■ MATERIAL FOR THIS TASK ■
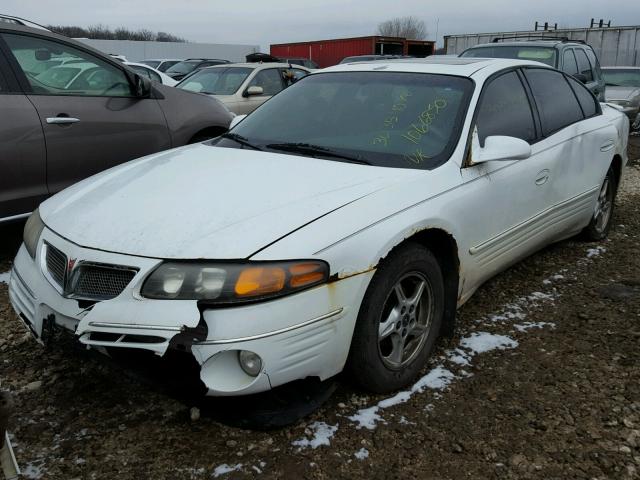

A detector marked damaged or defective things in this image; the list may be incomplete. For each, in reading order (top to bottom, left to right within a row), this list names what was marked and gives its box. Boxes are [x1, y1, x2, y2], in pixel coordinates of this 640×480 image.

cracked headlight assembly [23, 207, 44, 256]
cracked headlight assembly [141, 260, 330, 302]
damaged front bumper [8, 229, 370, 398]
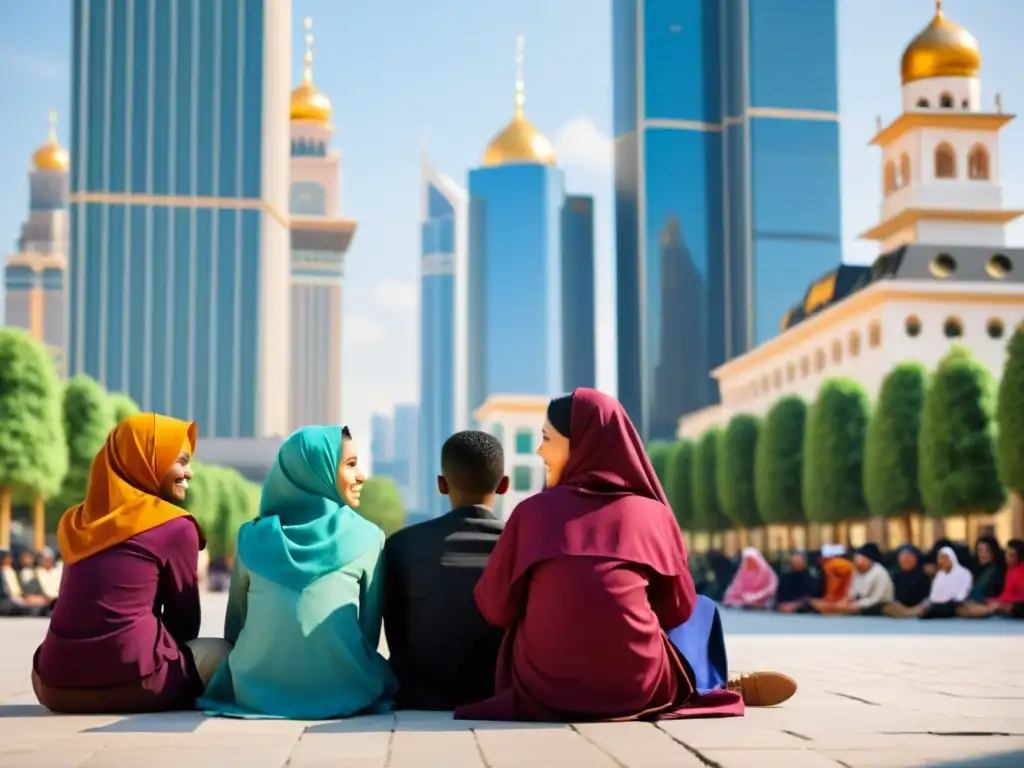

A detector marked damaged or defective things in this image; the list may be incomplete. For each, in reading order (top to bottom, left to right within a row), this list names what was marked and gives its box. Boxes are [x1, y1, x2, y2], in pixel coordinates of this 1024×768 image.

pavement crack [823, 692, 880, 708]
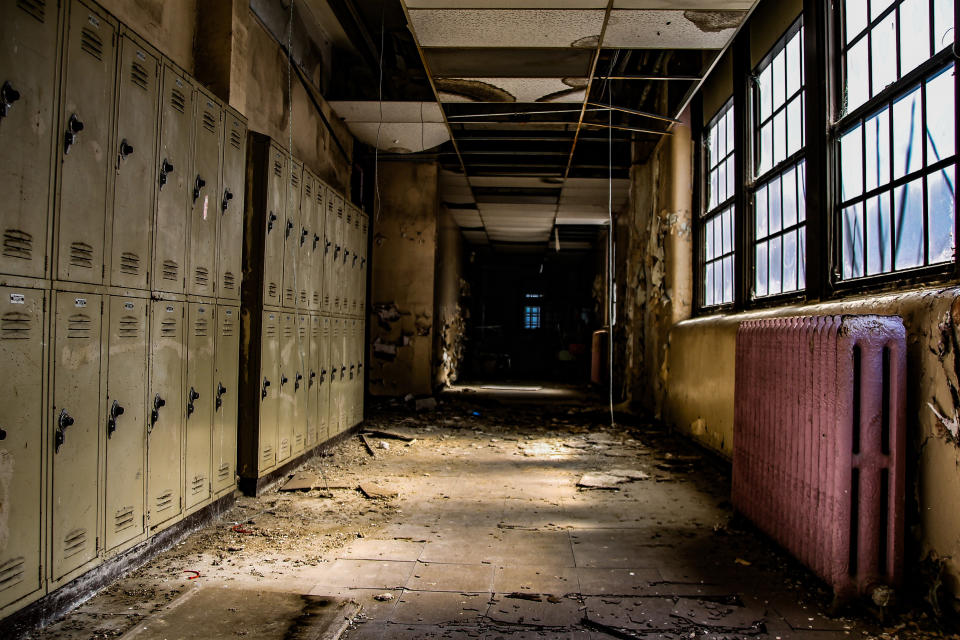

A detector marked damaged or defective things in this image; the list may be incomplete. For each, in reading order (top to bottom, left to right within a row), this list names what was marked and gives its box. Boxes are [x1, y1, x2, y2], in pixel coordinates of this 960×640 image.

peeling wall paint [370, 160, 440, 396]
broken window pane [892, 176, 924, 268]
broken window pane [928, 168, 956, 264]
rusted radiator [736, 318, 908, 604]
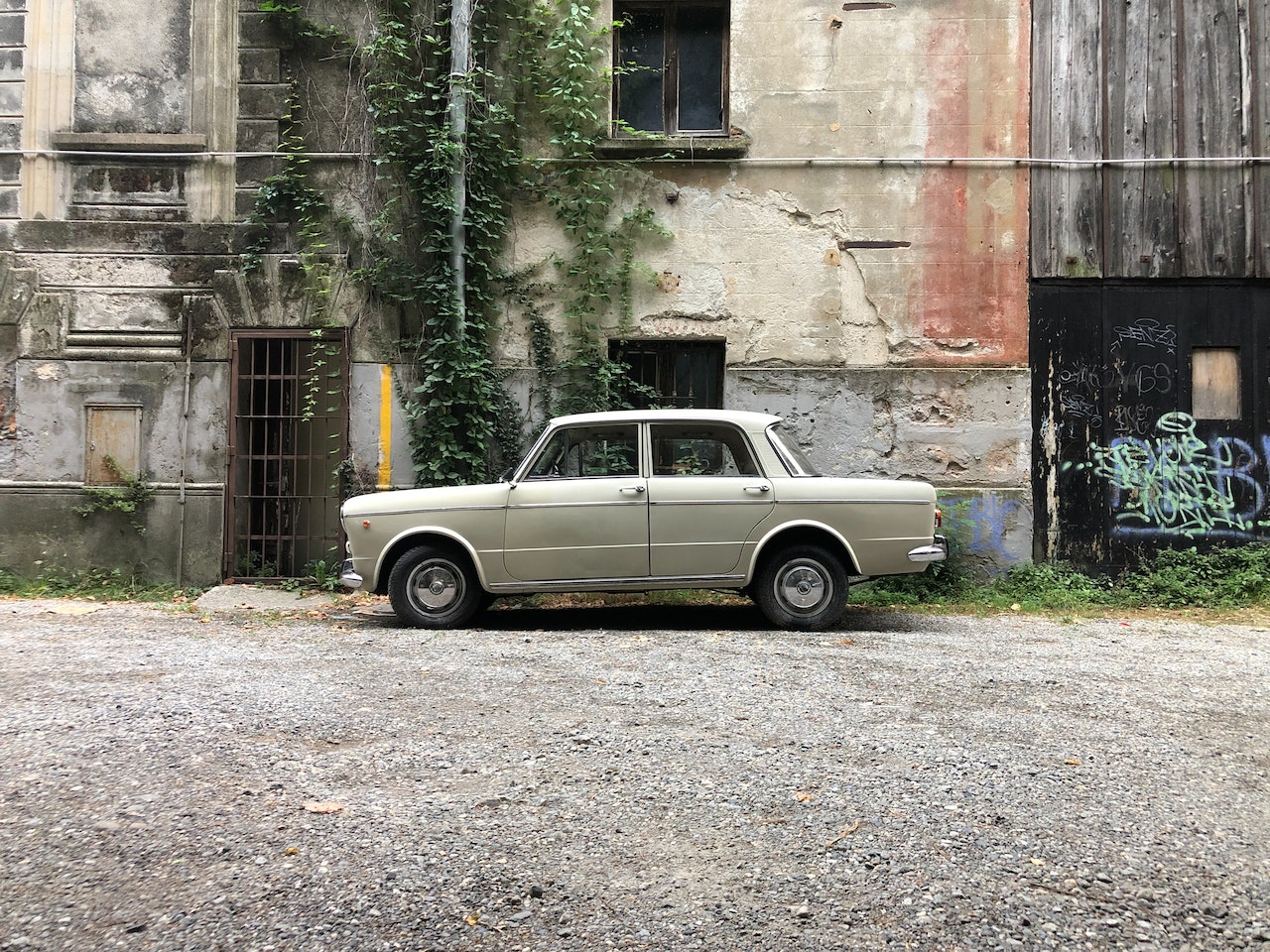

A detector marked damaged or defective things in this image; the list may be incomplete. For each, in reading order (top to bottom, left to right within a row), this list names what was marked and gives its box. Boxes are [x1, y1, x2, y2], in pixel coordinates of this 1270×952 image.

upper window with broken glass [611, 1, 731, 137]
rusty metal gate [225, 327, 350, 581]
rusty metal gate [1031, 282, 1270, 565]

■ WORK ITEM ■
Starting at the line that contains "this 1270×952 image.", copy each line through the last one in the records, exactly, and output nothing else.

■ SOLUTION ■
A detector marked damaged or defective things in this image; the list may be incomplete. For each, in reading order (top to bottom, left to right within a row), this list names what was marked and gives its box. Boxes are [x1, y1, x2, y2], in pixel coordinates of this 1270×952 image.

upper window with broken glass [611, 1, 731, 137]
rusty metal gate [225, 327, 350, 581]
rusty metal gate [1031, 282, 1270, 565]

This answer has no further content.